Misfortune played a bigger part than poor location, but Reed could stand to offer more mystery. He's throwing his fastball more than 80 percent of the time, and he has his reasons, given either the success rates or the aesthetics. His fastball is getting more swings and misses than his slider, which seems to have more Frisbee action than sharp break at the moment.

Lest I make too big a deal about this, a few reminders -- he's a rookie, he's the White Sox's best reliever, and he's been short on reps this month. I'd be surprised if his slider isn't an outstanding offering by the end of the season. I'm just a little wary about teams getting too many looks at one particular pitch. We saw it with Matt Thornton, when he would be used to retire some permutation of Shin-Soo Choo, Grady Sizemore and Travis Hafner two games in a row (and once three times over a four-game series). The task tended to get tougher.

Speaking of which...

Matt Thornton

Forces continue to conspire against Thornton, as Jordan Danks turned a single into a triple and essentially set up Thornton for failure. He needed to get two outs with the game-winning run on third, and he could only get one.

As he pitches into the third month of the season, it's easy to notice that he isn't able to overcome mistakes himself the way he used to. He's striking out just 7.4 batters per nine innings, down from 9.5 last year and 12 in 2010. Even when he struggled over the first two months last season, he found a way to strike out better than a batter per inning.

And here's a weird split: Opponents are hitting .328/.392/.463 off Thornton in night games.

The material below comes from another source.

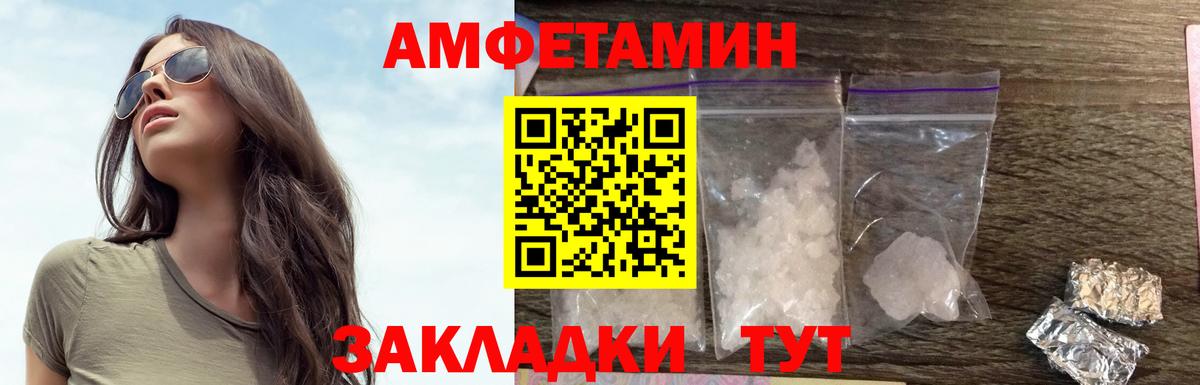 АМФ  Вход с VPN  Москва  Amphetamine  Amphetamine 98%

It's not unusual for pitchers to fare better during the day, whether it's because they can see the ball better, or because they're not battling "flu-like symptoms."

Over the last three years, Thornton's splits have been wider than most. This year is taking it to a whole new level. It's not a number I'd give any significant amount of weight, but it'll be interesting to see whether normalization makes his life (and ours) any easier.

John Danks

The words "Dr. Lewis Yocum" aren't ones you want to hear when discussing a pitcher injury, but Danks seemed to dodge a bullet after getting his sore shoulder checked out. The good news is a lack of bad news.

Still, it doesn't seem like anybody has to worry about making room for Quintana in the near future.

Zach Stewart

Looks like Zach Braff when he takes off his cap. With another crosstown series upon us, opportunities for "Scrubs" references abound, one way or another.

Nate Jones

3-0, 2.14 ERA, 33.2 IP, 26 H, 2 HR, 11 BB, 33 K, 1.10 WHIP.

I have nothing to say about Jones in particular at this time, which is nice.